= ACTIVITY =
For every record here, output an exact copy.
::: RECORDS TO PROCESS :::
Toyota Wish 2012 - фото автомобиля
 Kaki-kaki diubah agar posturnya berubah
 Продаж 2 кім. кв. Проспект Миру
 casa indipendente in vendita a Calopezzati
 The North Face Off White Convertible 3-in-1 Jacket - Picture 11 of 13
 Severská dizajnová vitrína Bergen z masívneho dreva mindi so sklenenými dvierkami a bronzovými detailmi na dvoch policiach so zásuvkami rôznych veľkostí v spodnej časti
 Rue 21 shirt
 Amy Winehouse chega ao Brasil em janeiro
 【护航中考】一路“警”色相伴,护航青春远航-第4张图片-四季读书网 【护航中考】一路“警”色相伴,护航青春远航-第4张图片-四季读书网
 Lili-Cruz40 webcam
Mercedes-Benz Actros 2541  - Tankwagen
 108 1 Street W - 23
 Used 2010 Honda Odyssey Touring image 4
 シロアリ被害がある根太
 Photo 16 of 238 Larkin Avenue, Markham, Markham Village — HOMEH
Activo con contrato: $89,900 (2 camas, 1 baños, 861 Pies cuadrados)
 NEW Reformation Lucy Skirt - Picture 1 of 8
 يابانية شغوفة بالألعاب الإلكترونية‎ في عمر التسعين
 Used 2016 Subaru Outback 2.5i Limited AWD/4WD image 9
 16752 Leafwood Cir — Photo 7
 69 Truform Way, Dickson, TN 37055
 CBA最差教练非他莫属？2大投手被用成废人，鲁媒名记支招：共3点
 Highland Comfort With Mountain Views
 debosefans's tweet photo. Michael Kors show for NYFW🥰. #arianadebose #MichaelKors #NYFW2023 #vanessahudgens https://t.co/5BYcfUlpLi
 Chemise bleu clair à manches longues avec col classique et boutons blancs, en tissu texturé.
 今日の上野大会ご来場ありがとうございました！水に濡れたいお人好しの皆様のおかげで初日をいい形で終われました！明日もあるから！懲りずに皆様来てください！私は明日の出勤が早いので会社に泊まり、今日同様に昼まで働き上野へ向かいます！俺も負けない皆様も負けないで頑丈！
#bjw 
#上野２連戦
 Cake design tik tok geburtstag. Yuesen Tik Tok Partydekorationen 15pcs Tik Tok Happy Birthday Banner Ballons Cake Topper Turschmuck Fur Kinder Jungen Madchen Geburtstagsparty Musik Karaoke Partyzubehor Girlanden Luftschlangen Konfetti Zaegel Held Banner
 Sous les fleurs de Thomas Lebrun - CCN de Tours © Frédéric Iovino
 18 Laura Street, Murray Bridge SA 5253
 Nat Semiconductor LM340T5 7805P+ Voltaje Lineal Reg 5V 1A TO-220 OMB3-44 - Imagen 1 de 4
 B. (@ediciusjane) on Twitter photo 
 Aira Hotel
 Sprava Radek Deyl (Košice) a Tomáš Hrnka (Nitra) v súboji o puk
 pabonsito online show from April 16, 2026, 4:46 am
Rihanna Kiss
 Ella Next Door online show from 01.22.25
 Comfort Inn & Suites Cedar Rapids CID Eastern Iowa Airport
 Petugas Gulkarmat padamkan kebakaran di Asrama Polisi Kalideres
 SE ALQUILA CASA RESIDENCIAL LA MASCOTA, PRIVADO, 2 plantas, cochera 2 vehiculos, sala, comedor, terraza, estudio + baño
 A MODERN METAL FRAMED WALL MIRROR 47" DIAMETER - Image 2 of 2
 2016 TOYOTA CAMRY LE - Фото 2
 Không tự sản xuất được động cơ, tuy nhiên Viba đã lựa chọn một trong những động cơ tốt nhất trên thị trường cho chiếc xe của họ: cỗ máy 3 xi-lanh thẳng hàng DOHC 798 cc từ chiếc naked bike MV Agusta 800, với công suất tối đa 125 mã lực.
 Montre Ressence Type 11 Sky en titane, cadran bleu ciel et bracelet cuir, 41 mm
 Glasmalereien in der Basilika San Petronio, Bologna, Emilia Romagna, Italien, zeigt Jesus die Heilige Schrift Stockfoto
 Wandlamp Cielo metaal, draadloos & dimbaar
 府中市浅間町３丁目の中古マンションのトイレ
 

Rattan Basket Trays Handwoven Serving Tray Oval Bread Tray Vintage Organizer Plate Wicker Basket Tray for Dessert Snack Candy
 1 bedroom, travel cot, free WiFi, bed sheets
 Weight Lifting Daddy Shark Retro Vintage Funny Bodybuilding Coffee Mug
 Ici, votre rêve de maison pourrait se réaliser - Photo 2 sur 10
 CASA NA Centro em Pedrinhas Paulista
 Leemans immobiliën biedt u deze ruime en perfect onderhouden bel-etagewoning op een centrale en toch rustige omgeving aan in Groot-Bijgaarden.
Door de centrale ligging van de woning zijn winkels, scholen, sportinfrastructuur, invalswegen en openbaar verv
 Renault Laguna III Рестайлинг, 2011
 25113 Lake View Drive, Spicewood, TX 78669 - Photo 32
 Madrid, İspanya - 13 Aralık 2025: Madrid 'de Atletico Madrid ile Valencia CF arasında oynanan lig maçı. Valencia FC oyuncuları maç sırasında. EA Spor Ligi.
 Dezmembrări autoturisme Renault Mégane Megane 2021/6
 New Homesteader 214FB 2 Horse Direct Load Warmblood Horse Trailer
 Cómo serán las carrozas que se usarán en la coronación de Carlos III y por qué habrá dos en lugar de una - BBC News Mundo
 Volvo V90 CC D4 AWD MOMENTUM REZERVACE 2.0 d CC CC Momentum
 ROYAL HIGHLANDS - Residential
:::
= SOLVED PROBLEM =
Toyota Wish 2012 - фото автомобиля
 Kaki-kaki diubah agar posturnya berubah
 Продаж 2 кім. кв. Проспект Миру
 casa indipendente in vendita a Calopezzati
 The North Face Off White Convertible 3-in-1 Jacket - Picture 11 of 13
 Severská dizajnová vitrína Bergen z masívneho dreva mindi so sklenenými dvierkami a bronzovými detailmi na dvoch policiach so zásuvkami rôznych veľkostí v spodnej časti
 Rue 21 shirt
 Amy Winehouse chega ao Brasil em janeiro
 【护航中考】一路“警”色相伴,护航青春远航-第4张图片-四季读书网 【护航中考】一路“警”色相伴,护航青春远航-第4张图片-四季读书网
 Lili-Cruz40 webcam
Mercedes-Benz Actros 2541  - Tankwagen
 108 1 Street W - 23
 Used 2010 Honda Odyssey Touring image 4
 シロアリ被害がある根太
 Photo 16 of 238 Larkin Avenue, Markham, Markham Village — HOMEH
Activo con contrato: $89,900 (2 camas, 1 baños, 861 Pies cuadrados)
 NEW Reformation Lucy Skirt - Picture 1 of 8
 يابانية شغوفة بالألعاب الإلكترونية‎ في عمر التسعين
 Used 2016 Subaru Outback 2.5i Limited AWD/4WD image 9
 16752 Leafwood Cir — Photo 7
 69 Truform Way, Dickson, TN 37055
 CBA最差教练非他莫属？2大投手被用成废人，鲁媒名记支招：共3点
 Highland Comfort With Mountain Views
 debosefans's tweet photo. Michael Kors show for NYFW🥰. #arianadebose #MichaelKors #NYFW2023 #vanessahudgens https://t.co/5BYcfUlpLi
 Chemise bleu clair à manches longues avec col classique et boutons blancs, en tissu texturé.
 今日の上野大会ご来場ありがとうございました！水に濡れたいお人好しの皆様のおかげで初日をいい形で終われました！明日もあるから！懲りずに皆様来てください！私は明日の出勤が早いので会社に泊まり、今日同様に昼まで働き上野へ向かいます！俺も負けない皆様も負けないで頑丈！
#bjw 
#上野２連戦
 Cake design tik tok geburtstag. Yuesen Tik Tok Partydekorationen 15pcs Tik Tok Happy Birthday Banner Ballons Cake Topper Turschmuck Fur Kinder Jungen Madchen Geburtstagsparty Musik Karaoke Partyzubehor Girlanden Luftschlangen Konfetti Zaegel Held Banner
 Sous les fleurs de Thomas Lebrun - CCN de Tours © Frédéric Iovino
 18 Laura Street, Murray Bridge SA 5253
 Nat Semiconductor LM340T5 7805P+ Voltaje Lineal Reg 5V 1A TO-220 OMB3-44 - Imagen 1 de 4
 B. (@ediciusjane) on Twitter photo 
 Aira Hotel
 Sprava Radek Deyl (Košice) a Tomáš Hrnka (Nitra) v súboji o puk
 pabonsito online show from April 16, 2026, 4:46 am
Rihanna Kiss
 Ella Next Door online show from 01.22.25
 Comfort Inn & Suites Cedar Rapids CID Eastern Iowa Airport
 Petugas Gulkarmat padamkan kebakaran di Asrama Polisi Kalideres
 SE ALQUILA CASA RESIDENCIAL LA MASCOTA, PRIVADO, 2 plantas, cochera 2 vehiculos, sala, comedor, terraza, estudio + baño
 A MODERN METAL FRAMED WALL MIRROR 47" DIAMETER - Image 2 of 2
 2016 TOYOTA CAMRY LE - Фото 2
 Không tự sản xuất được động cơ, tuy nhiên Viba đã lựa chọn một trong những động cơ tốt nhất trên thị trường cho chiếc xe của họ: cỗ máy 3 xi-lanh thẳng hàng DOHC 798 cc từ chiếc naked bike MV Agusta 800, với công suất tối đa 125 mã lực.
 Montre Ressence Type 11 Sky en titane, cadran bleu ciel et bracelet cuir, 41 mm
 Glasmalereien in der Basilika San Petronio, Bologna, Emilia Romagna, Italien, zeigt Jesus die Heilige Schrift Stockfoto
 Wandlamp Cielo metaal, draadloos & dimbaar
 府中市浅間町３丁目の中古マンションのトイレ
 

Rattan Basket Trays Handwoven Serving Tray Oval Bread Tray Vintage Organizer Plate Wicker Basket Tray for Dessert Snack Candy
 1 bedroom, travel cot, free WiFi, bed sheets
 Weight Lifting Daddy Shark Retro Vintage Funny Bodybuilding Coffee Mug
 Ici, votre rêve de maison pourrait se réaliser - Photo 2 sur 10
 CASA NA Centro em Pedrinhas Paulista
 Leemans immobiliën biedt u deze ruime en perfect onderhouden bel-etagewoning op een centrale en toch rustige omgeving aan in Groot-Bijgaarden.
Door de centrale ligging van de woning zijn winkels, scholen, sportinfrastructuur, invalswegen en openbaar verv
 Renault Laguna III Рестайлинг, 2011
 25113 Lake View Drive, Spicewood, TX 78669 - Photo 32
 Madrid, İspanya - 13 Aralık 2025: Madrid 'de Atletico Madrid ile Valencia CF arasında oynanan lig maçı. Valencia FC oyuncuları maç sırasında. EA Spor Ligi.
 Dezmembrări autoturisme Renault Mégane Megane 2021/6
 New Homesteader 214FB 2 Horse Direct Load Warmblood Horse Trailer
 Cómo serán las carrozas que se usarán en la coronación de Carlos III y por qué habrá dos en lugar de una - BBC News Mundo
 Volvo V90 CC D4 AWD MOMENTUM REZERVACE 2.0 d CC CC Momentum
 ROYAL HIGHLANDS - Residential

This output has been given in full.